- PROBLEM:
Exactly the lines from the one containing "Mandala Tile Pattern Pappteller (Party)" through the end of the listing below are required, restated word for word and without pictures.

- INFORMATION SUPPLIED:
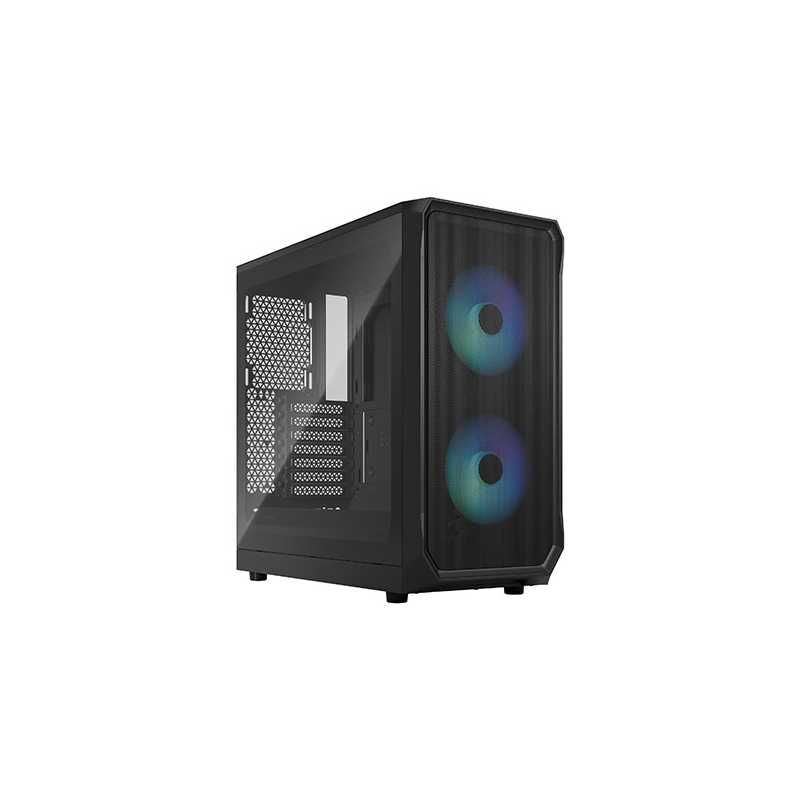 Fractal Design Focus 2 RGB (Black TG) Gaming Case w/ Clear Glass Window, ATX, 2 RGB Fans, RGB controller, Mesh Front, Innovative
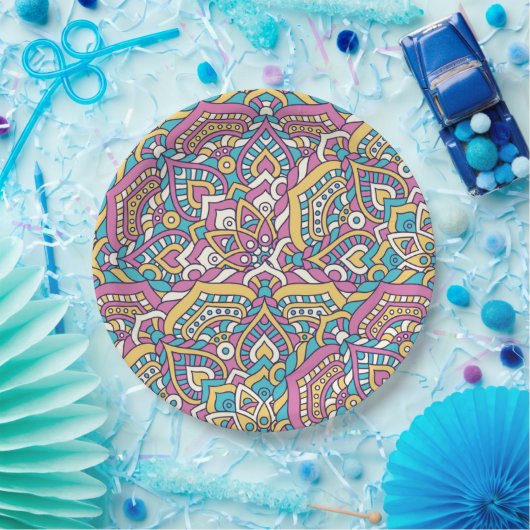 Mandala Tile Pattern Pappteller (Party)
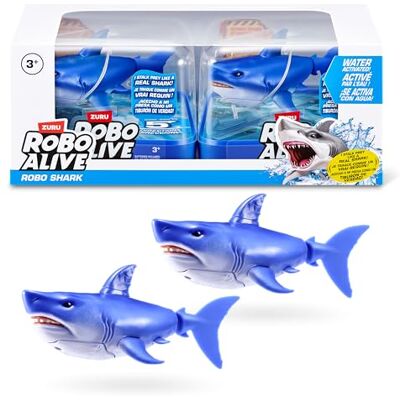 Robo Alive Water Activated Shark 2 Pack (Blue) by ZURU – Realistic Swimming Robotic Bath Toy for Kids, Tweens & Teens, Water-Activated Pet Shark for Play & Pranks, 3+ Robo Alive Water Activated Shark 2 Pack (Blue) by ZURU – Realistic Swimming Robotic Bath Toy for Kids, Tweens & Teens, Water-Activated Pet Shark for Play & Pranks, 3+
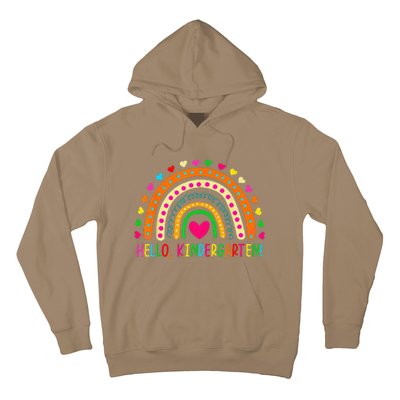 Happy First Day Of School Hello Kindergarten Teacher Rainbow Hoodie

- OUTPUT FOR THIS TASK:
 Mandala Tile Pattern Pappteller (Party)
 Robo Alive Water Activated Shark 2 Pack (Blue) by ZURU – Realistic Swimming Robotic Bath Toy for Kids, Tweens & Teens, Water-Activated Pet Shark for Play & Pranks, 3+ Robo Alive Water Activated Shark 2 Pack (Blue) by ZURU – Realistic Swimming Robotic Bath Toy for Kids, Tweens & Teens, Water-Activated Pet Shark for Play & Pranks, 3+
 Happy First Day Of School Hello Kindergarten Teacher Rainbow Hoodie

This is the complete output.